Acknowledging your model's assumptions helps you understand where it might fail.
Black Box Risk
Machine learning models are powerful but opaque. You won't fully understand why they make predictions. This creates risk: if the model breaks, you might not know why.
Simpler models are more understandable.
Live Probability Updates
Some models update predictions in-play based on match events. This is useful but requires real-time data access and instant computation.
Building vs Buying
Build yourself: Full control, understanding, customisation. Time-consuming.
Buy a service: Immediate deployment, professional quality. Expensive, less control.
Most individual bettors build their own. Professional operations build proprietary models.
In Summary
- Poisson models are easiest starting point, requiring only xG data and basic formula knowledge.
- Regression models capture more complexity but require more data and skill.
- Machine learning offers most potential but demands significant investment.
- Start with Poisson.
- Test your predictions against actual results.
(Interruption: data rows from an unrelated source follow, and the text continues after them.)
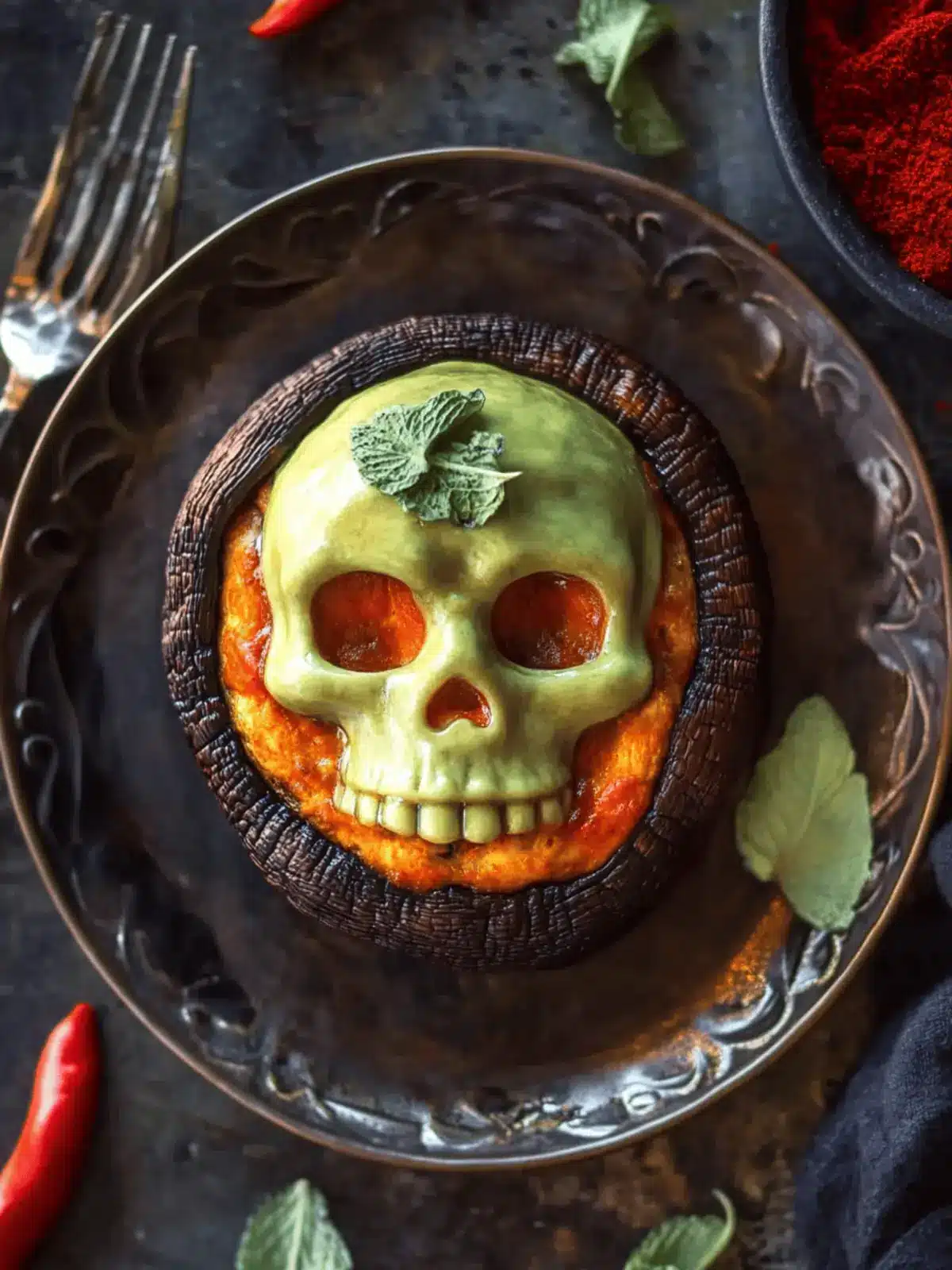 Skull Stuffed Portobellos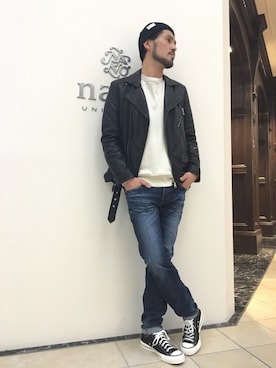 「NANO universe（ナノユニバース）のアイテム（ライダースジャケット）」を使った、nanouniverse難波STAFFさん（メンズ・180cm）の秋コーディネート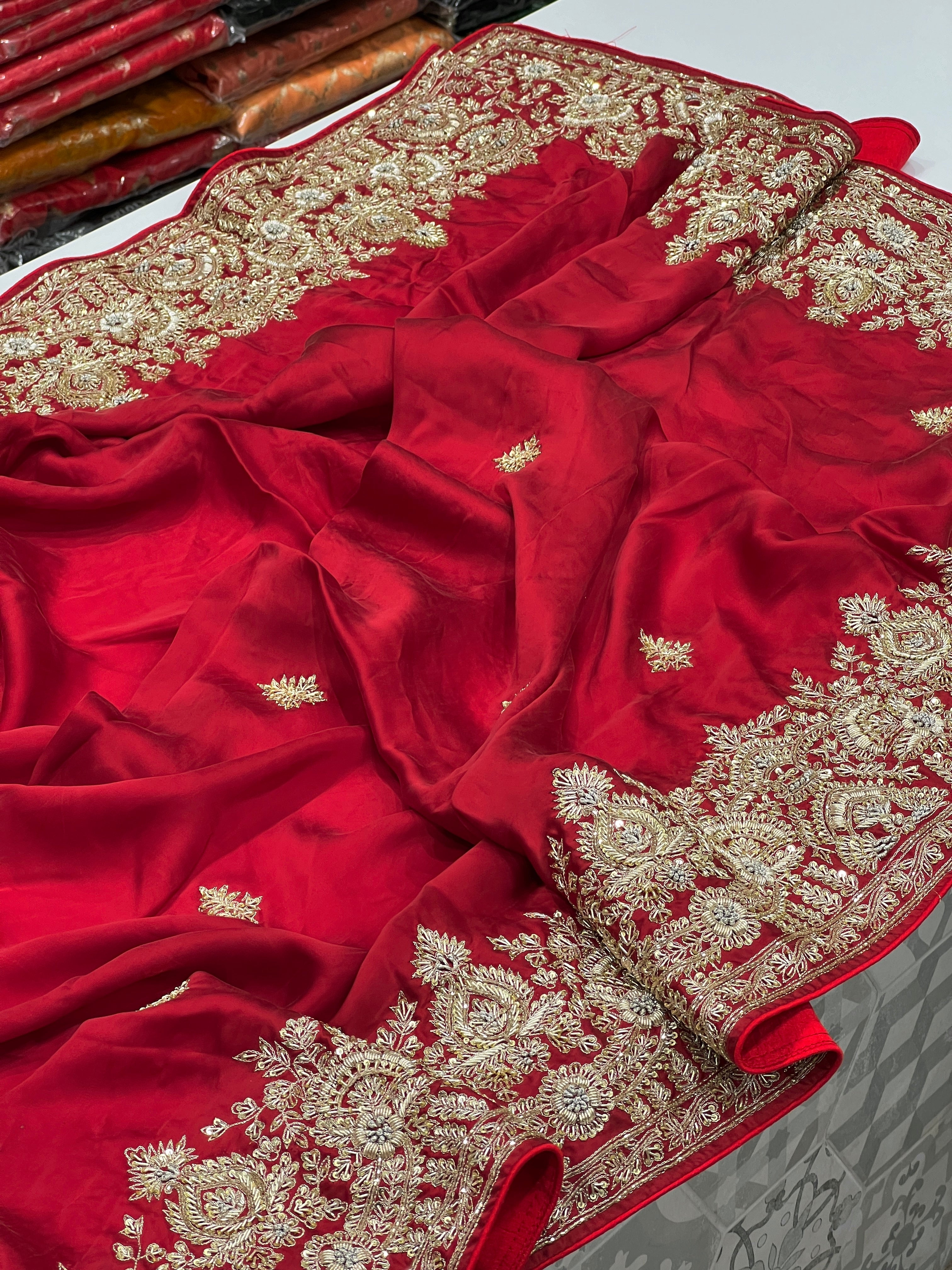 Red Satin Zardosi Hand Embroidery Saree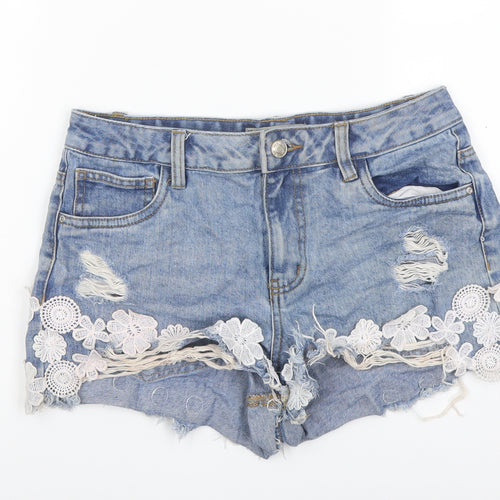 Denim & Co. Womens Blue Cotton Cut-Off Shorts Size 10 L3 in Regular Button - Distressed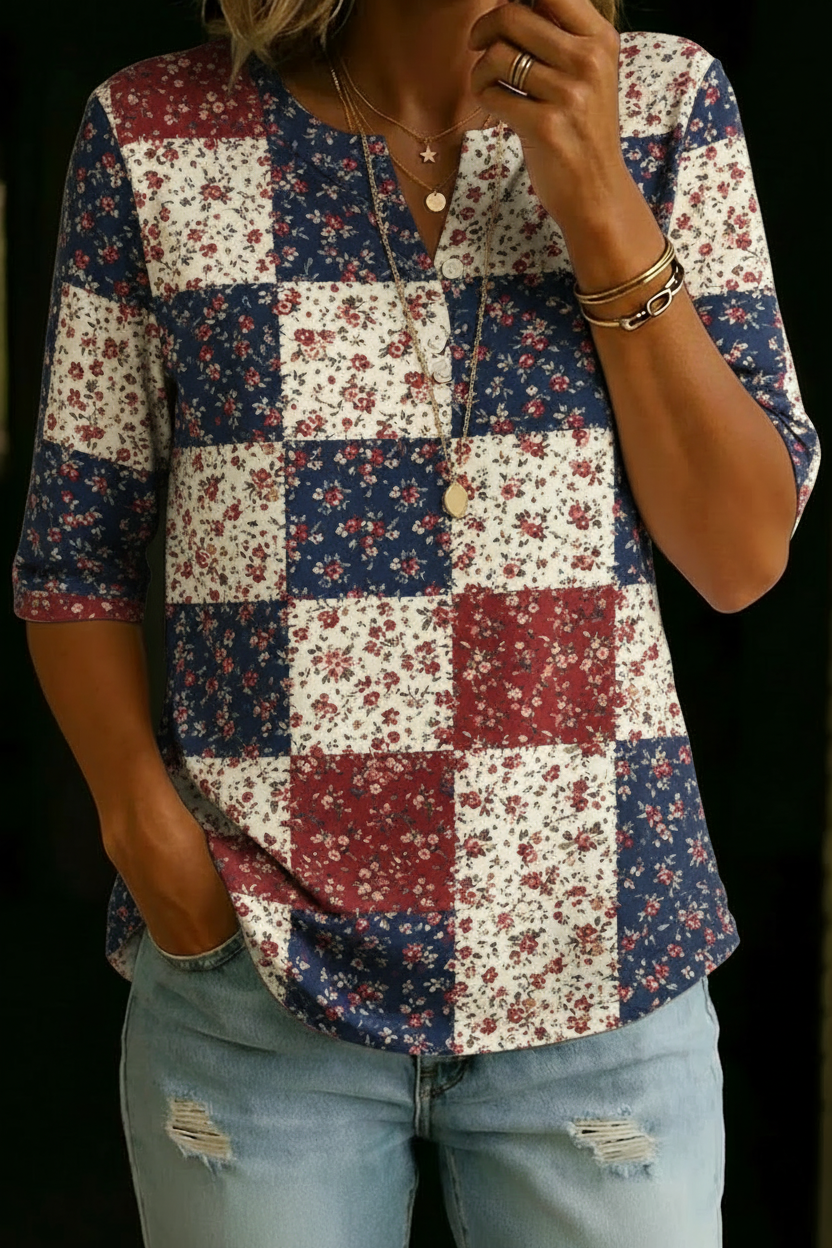 Haut en mélange coton à demi-manches, imprimé floral patchwork bourgogne marine pour femmes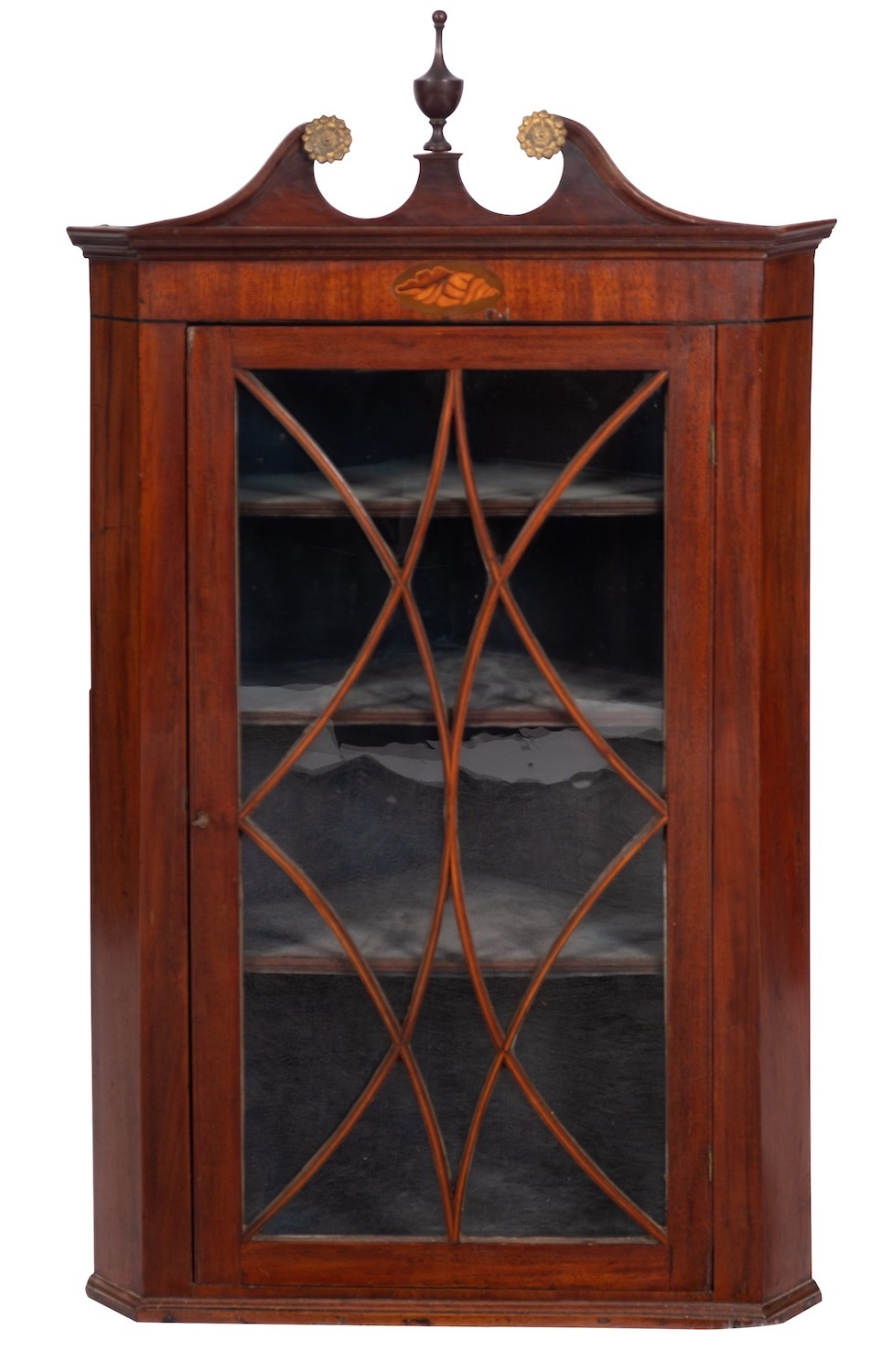 A George III mahogany and glazed hanging corner cabinet,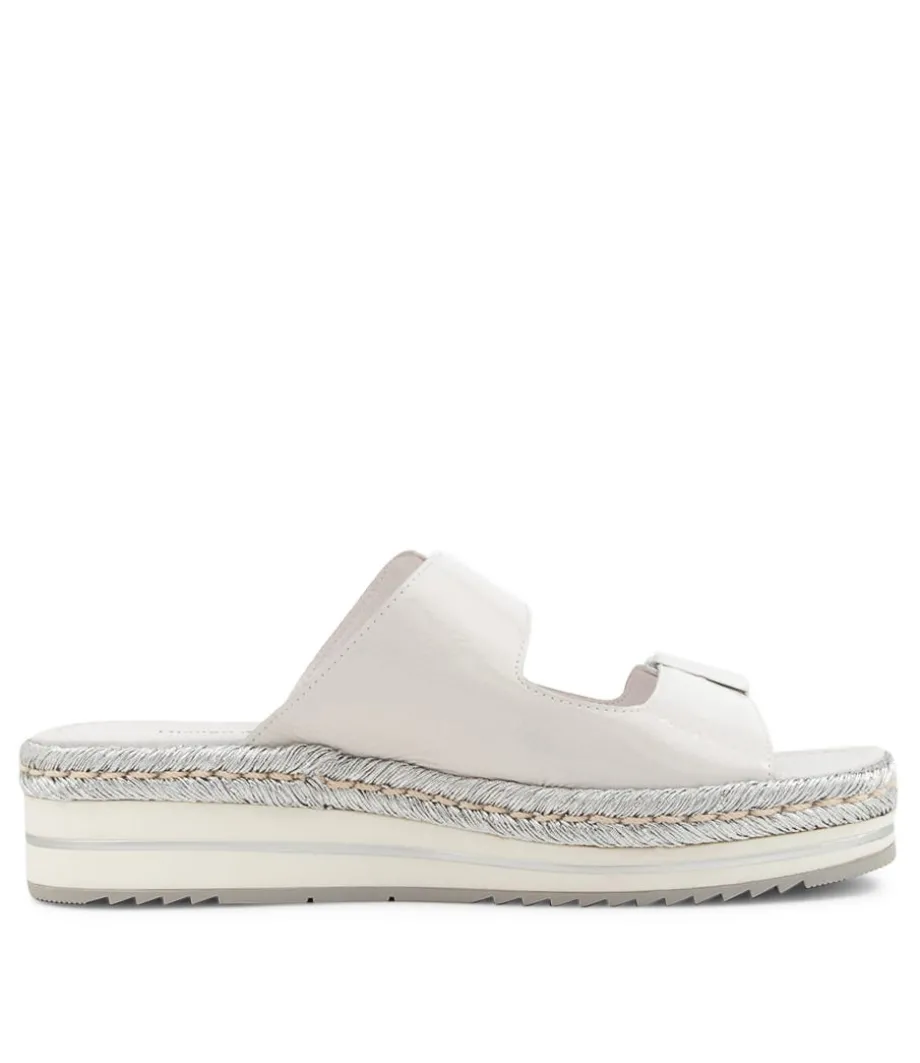 Axel White Silver Rope Patent Leather Sandals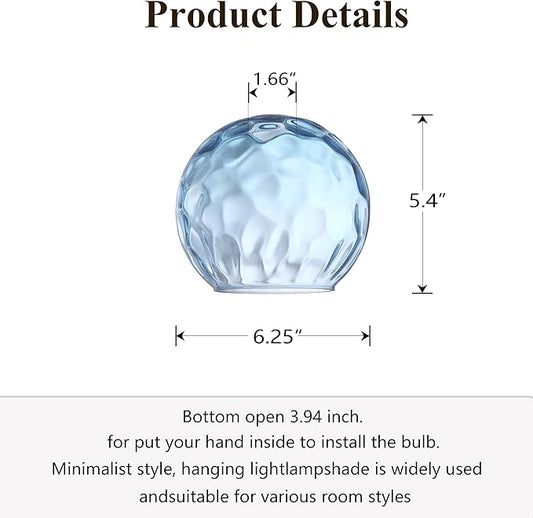 6.3 Inch Replacement Texture Blue Glass Lamp Shade Light Fixture for 3 Pack Replacement Wall Sconce Pendant Light Ceiling Light Chandelier Shade,Factory Outlet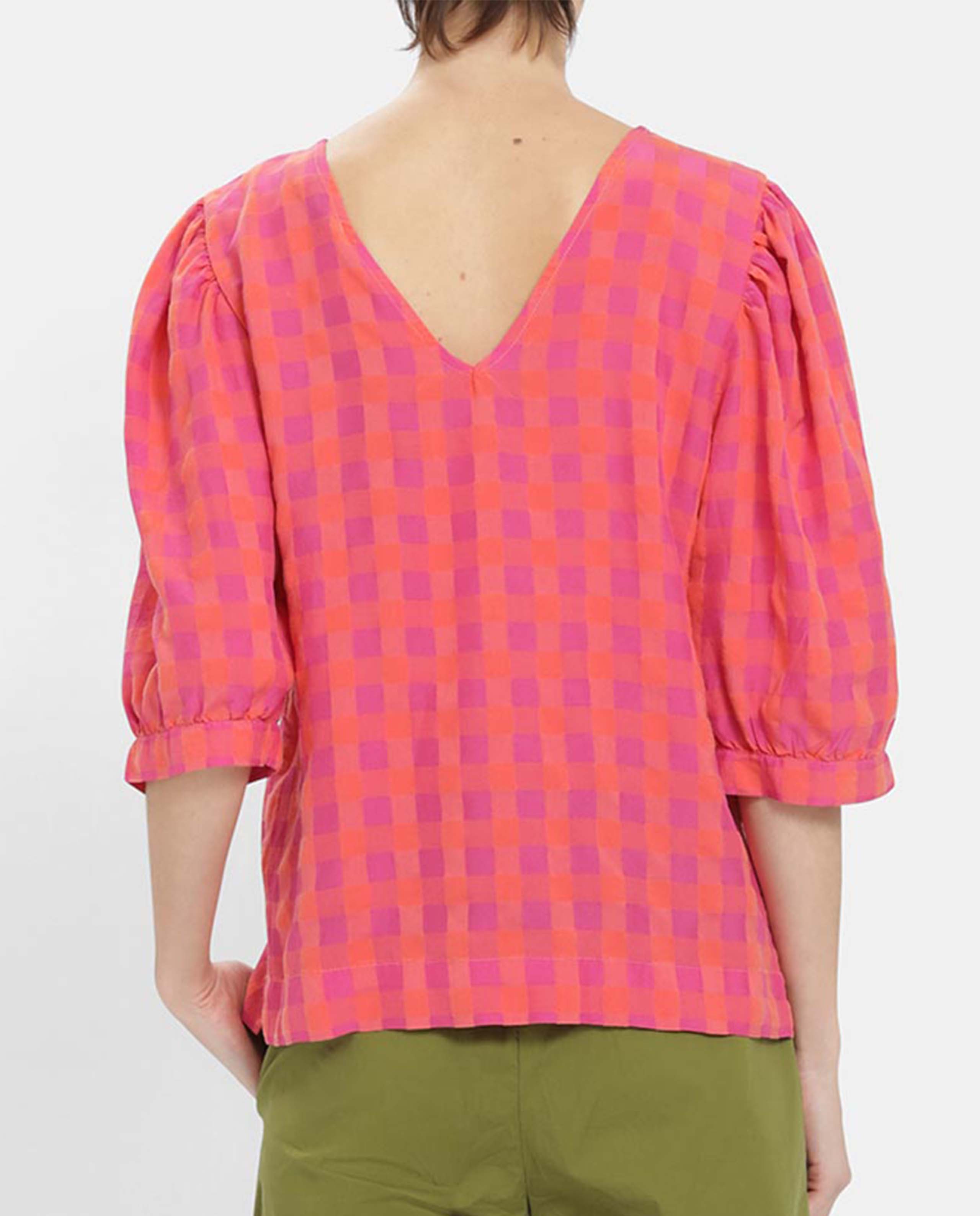 MARCHÉ COMMUN Blouse à carreaux rose flashy et orange en tencel Loreak Mendian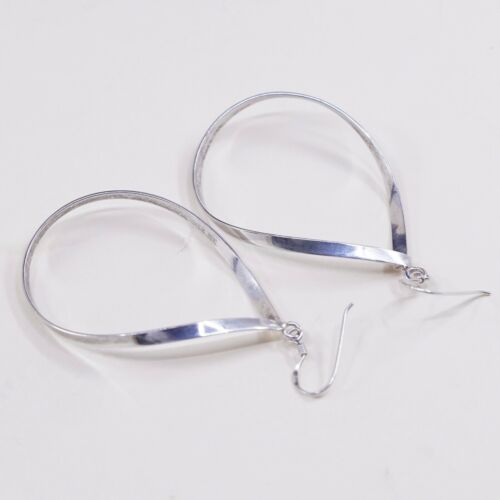 Vtg Huge Sterling 925 Silver Handmade Twisted Teardrop Shaped Earrings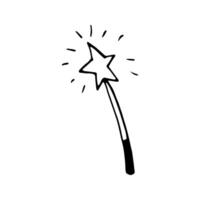 Doodle elements about magic wand. Hand drawn illustration with esoteric symbols. Isolated on white backdrop. vector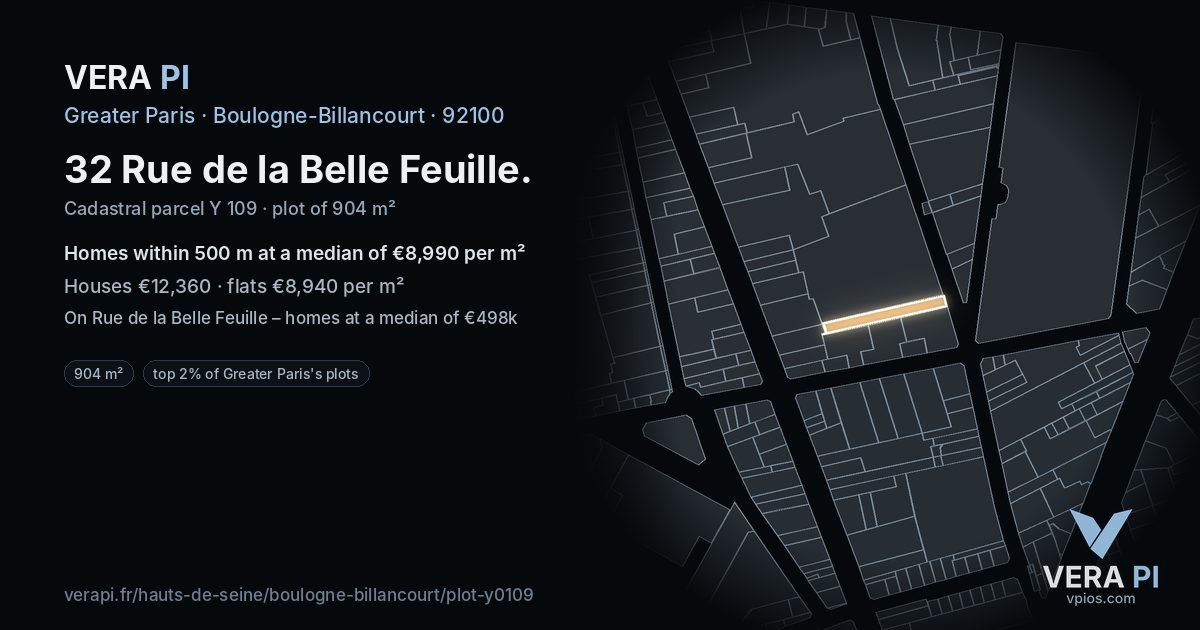 32 Rue de la Belle Feuille, Boulogne-Billancourt at night – the plot lit, the parcels around coloured by the prices near them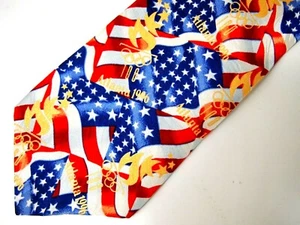 Vtg RM Sport Mens Necktie Tie 1996 Atlanta Summer Olympics USA Flag Novelty 57" - Picture 1 of 4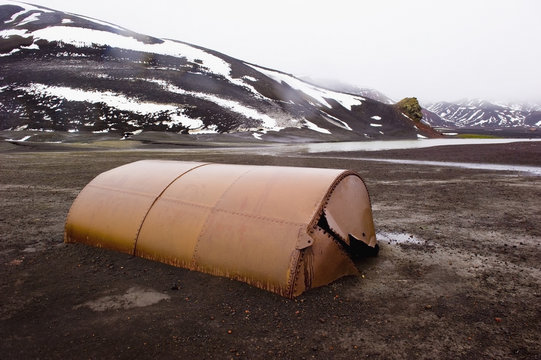 Metal storage container on the shore;Whalers bay antarctica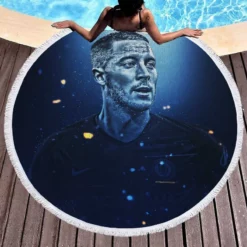 Red Devils Captain Eden Hazard Round Beach Towel 1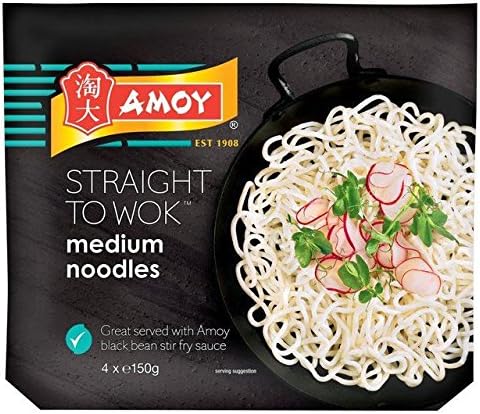 Amoy Straight To Wok Medium Noodles 4 x 150g - Pack of 2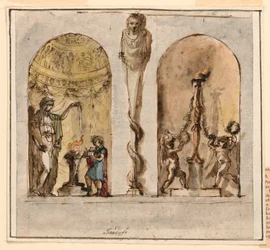 Teckning, målad väggdekoration, 1800-1830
- If you're profitable, expand to more complex models.
- If not, refine your Poisson approach first.
- Building models teaches you how football betting works.
- Even if you never use the model for betting, understanding its logic improves your decision-making.
FAQs
What model should a complete beginner use? Basic Poisson. Spreadsheet formula plus xG data equals reasonable predictions within 2-3 hours.
How much historical data do I need? Minimum 50-100 matches for testing. More is better (200-500 matches ideal) for complex models.
Should I include player-level data in my model? Optional. Improves accuracy marginally but adds complexity. Start with team-level metrics.
Do I need coding knowledge to build a model? No. Spreadsheet models work well. Coding is optional and useful for scale.
How often should I retrain my model? Monthly retraining on newest data is standard. More frequent if team quality is changing rapidly.
Can a model predict injuries before they happen? Not directly. Models can use injury history as input but can't predict new injuries.
What's the best model for specific markets (cards, corners, etc)? Different markets need different inputs. Card models need referee data. Corner models need team-specific corner stats. Build specific models per market.